But citizens need to keep aware and be apprised of all these initiatives. It’s our community, our region, and the power brokers must always bear in mind who’s in charge. Grand plans cost money and it mostly comes from taxpayers.

There are two distinct camps among supporters of a proposed event centre. Those who favour a downtown waterfront site agree it will build on and feed off the city’s designated entertainment district surrounding it. Those set on Innova Business Park like the wide-open space to allow for on-site parking and access from adjacent expressways.

A letter writer today wonders if Thunder Bay and area’s notoriously fickle sports fans will troop to a new arena when so few fail to attend events like the Dudley Hewitt Cup.

The event centre’s hockey tenant will be professional and local promoters say they have serious interest from two or three leagues.
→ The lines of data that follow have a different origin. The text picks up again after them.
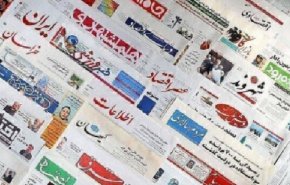 صفحه نخست روزنامه های امروز دوشنبه 5 اردیبهشت1401/ پیشرفت مذاکرات روابط ایران و عربستان/  توصیه فرماندهان نظامی رژیم صهیونیستی: به غزه نزدیک نشوید/  روسیه دل مشغولی جدید امریکا برای احیای برجام 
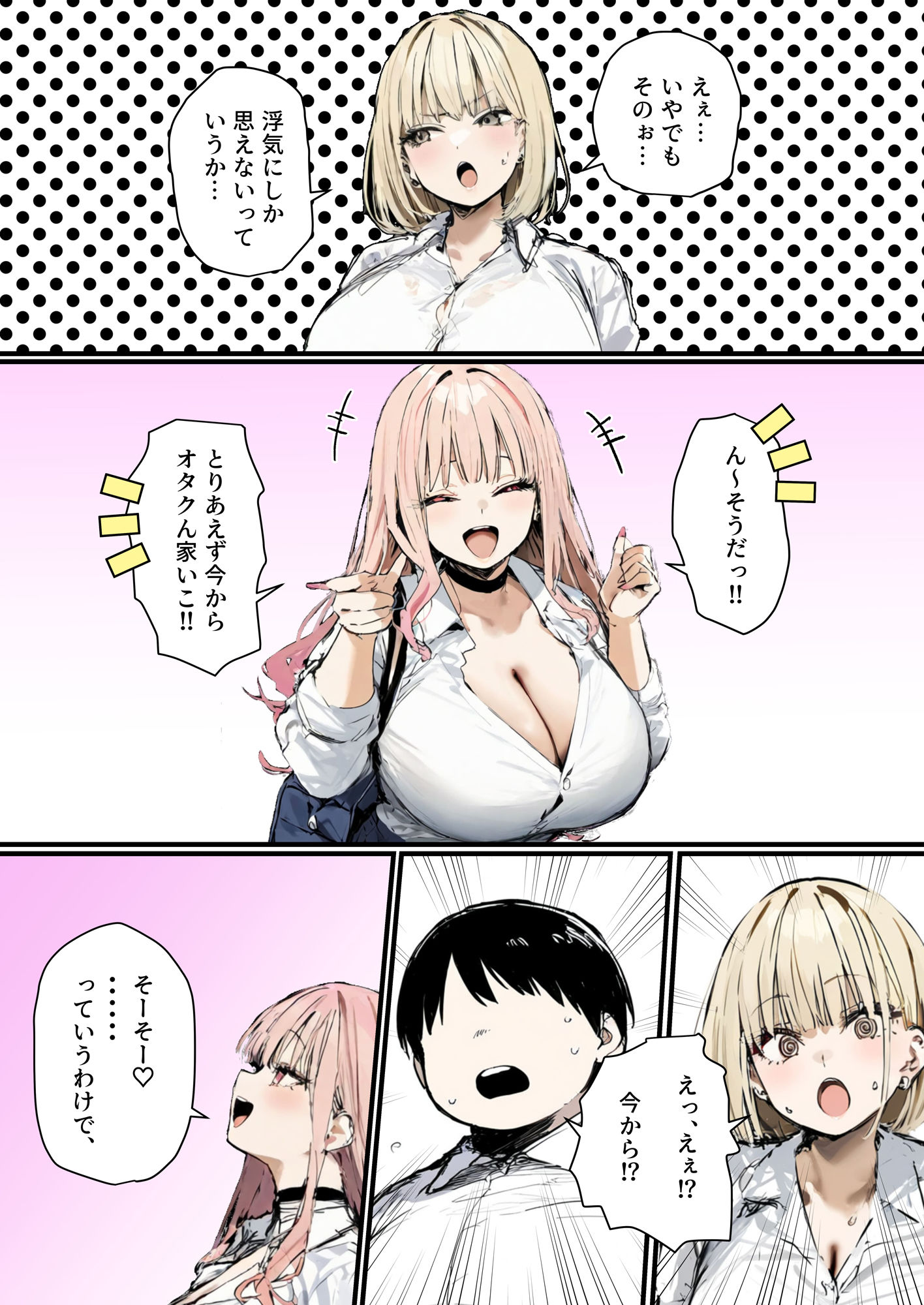 彼氏と喧嘩するたびに僕のチンポでオナニーするギャル2 - サンプル画像 8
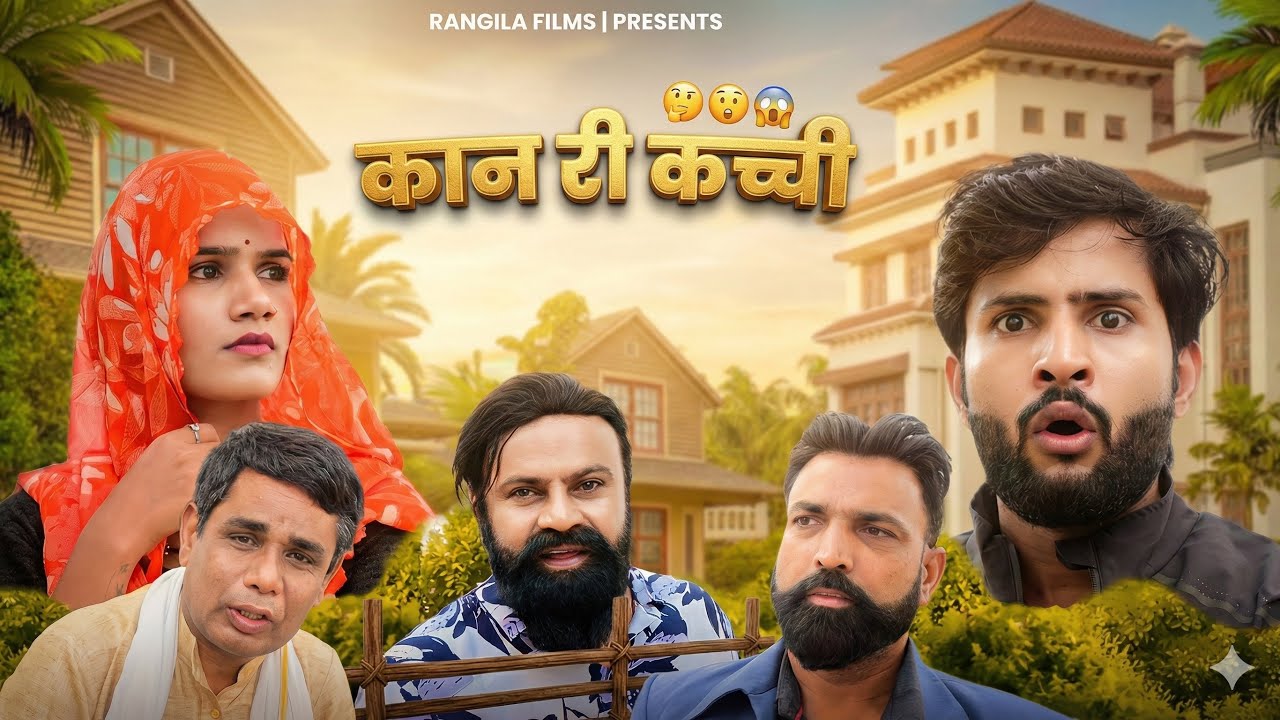 कान री कच्ची 🤔//Rajasthani Haryanvi Comedy // Kuliyo Marwadi Comedy //Rangila Films Comedy 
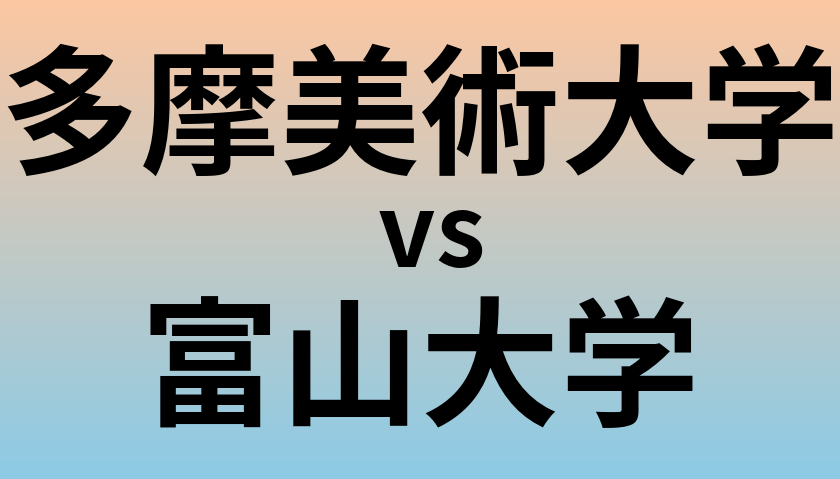 多摩美術大学と富山大学 のどちらが良い大学?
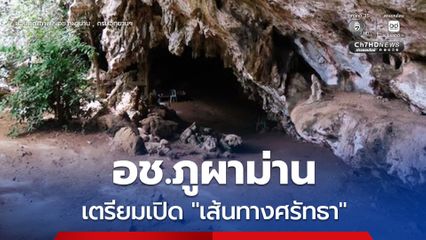 อุทยานแห่งชาติภูผาม่าน เตรียมเปิด “เส้นทางศรัทธา” สำรวจถ้ำ–วัด ที่ผสมผสานธรรมชาติ วัฒนธรรม และวิถีชุมชน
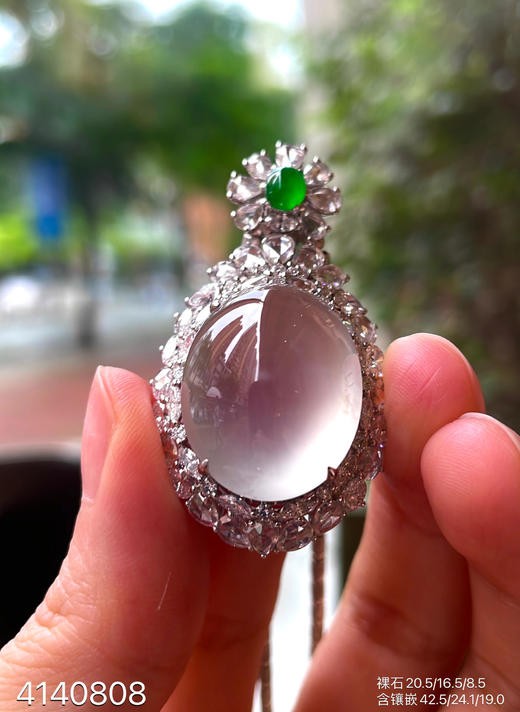 玻璃种蛋面吊坠【4140808】具体价格微信咨询 商品图3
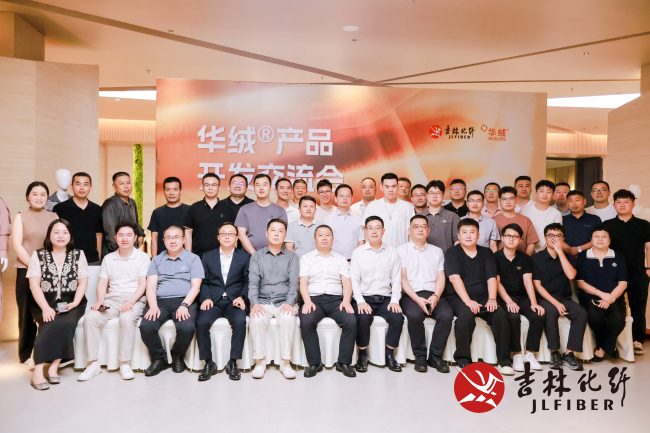 舒适无界限 自在新体验！共话华绒®产品开发新机遇(图17)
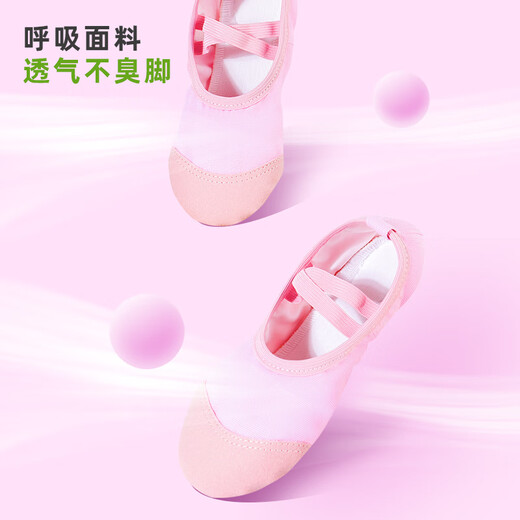 
Smart Friends Children's Dance Shoes Girls Soft Sole Practice Shoes Canvas Lace-free Ballet Shoes Dance Exam Special Shoes Skin Tone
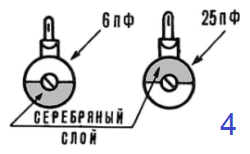 emkostnoe rele4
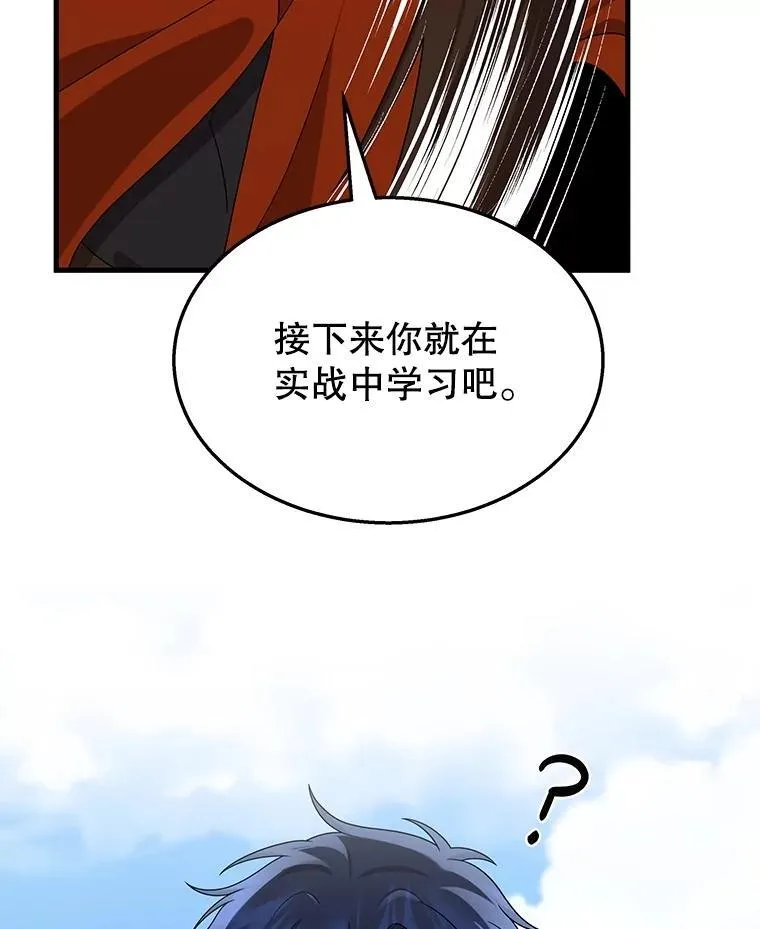 53.创造？ 第107页
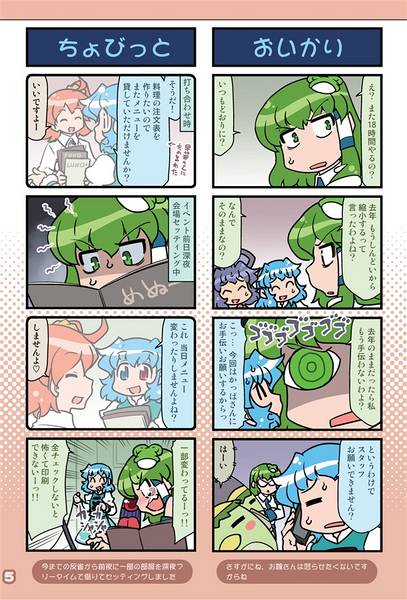 文件:がんばれ小傘さんVol.65 第6回18時間カラオケ編 白い悪魔再び編ほか预览图2.jpg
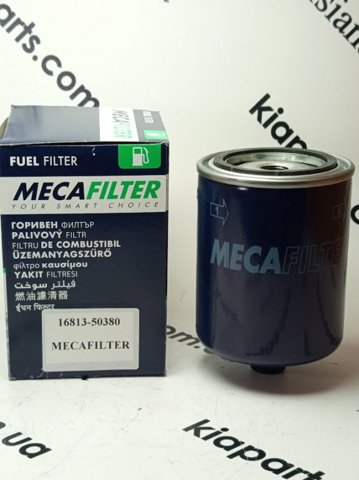 Фільтр-відстійник палива грубої очистки 1681350380 MECAFILTER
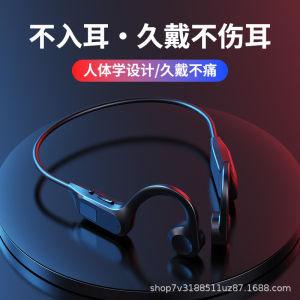 Tai Nghe Bluetooth Không Dây X7 Truyền Dẫn Khí Số Hiển Thị Không Gây Đau Tách Biệt Tiếng Ồn Siêu Bền Pin Tai Nghe Mới Không Thương Hiệu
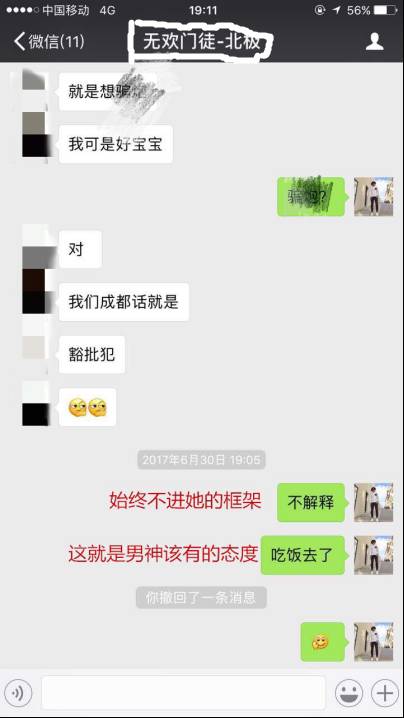 【pua邀约话术】把妹外挂之男神聊法，教你如何TD主播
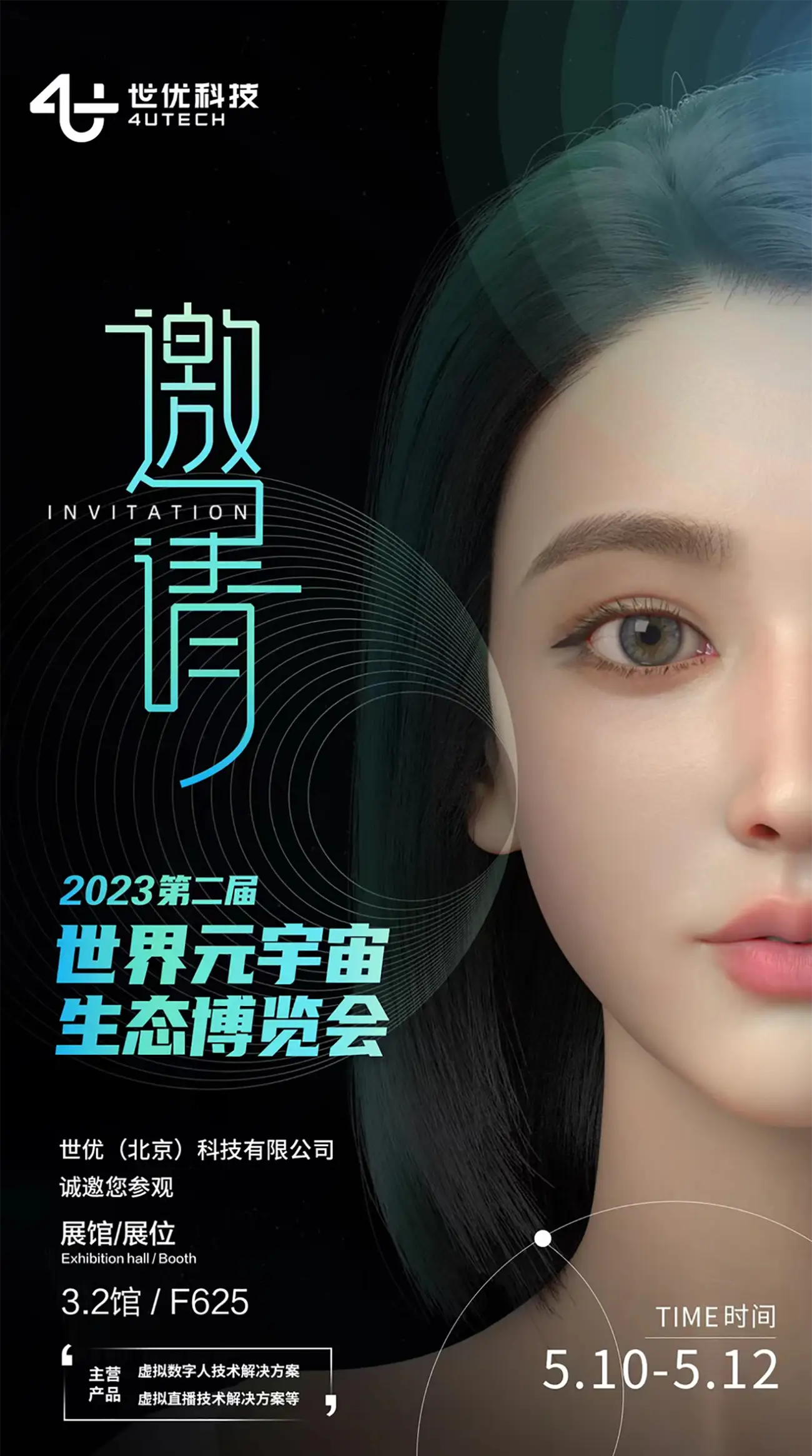 天使宝贝手机游戏_天使宝贝手机游戏破解版_天使宝贝是什么游戏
That would certainly boost interest and attendance, but to what degree remains a gamble. Even some NHL teams lose money.

Maybe the university team can also sign a lease to double the hockey attraction. But will that only halve the willingness of people to show up to watch games?

Almost lost in all of this, but not on our contributor Gary Laine, is the plan for the facility to also house a convention centre. Based on Laine’s research, not even the addition of a new hotel in adjacent Marina Park (to finally be announced in June, we’re still assured) will be enough with other north side city inns to serve the convenient needs of major conventioneers.

Presumably, the consultants will have an answer for this. They always do, but there’s no way to hold them to account if they’re wrong.

Consultants are deeply involved in recommendations to city council for development along the Junot Avenue/Golf Links Road corridor. (For starters, can we pick one name?) Among other ideas they say Innova Park is perfect for a mining centre of excellence proposed by Lakehead University.

LU president Brian Stevenson assures the Centre of Excellence in Mineral Exploration and Sustainable Mining Development will differ from Laurentian University’s existing Mining Innovation Centre.

The Lakehead centre would concentrate on training and research for Northwestern Ontario, specifically the massive Ring of Fire mineral development that virtually every entity with any potential tie to mining is hoping to latch onto.

Thunder Bay city council unanimously passed a resolution this week to support Exton in the municipality of Greenstone as the preferred site for a ferrochrome processor.

Mayor Keith Hobbs has said until now that he wanted the big furnace built here. But Cliffs Natural Resources, the largest Ring operator, appears set on Sudbury despite much politicking to the contrary. So Hobbs and other regional officials from Nipigon, Greenstone and various first nations at least want to keep those jobs in the Northwest.

The mining centre of excellence would further direct Ring of Fire and other mining development business to Thunder Bay and the event centre consultants agree with the corridor consultants that Innova’s the place for it.

Hobbs thinks the fix is in among consultants and city administrators to arrange that in order to assure the waterfront district gets the multiplex If that is so, let’s not have a consulting exercise to “study,” then “settle on” Innova for the mining centre.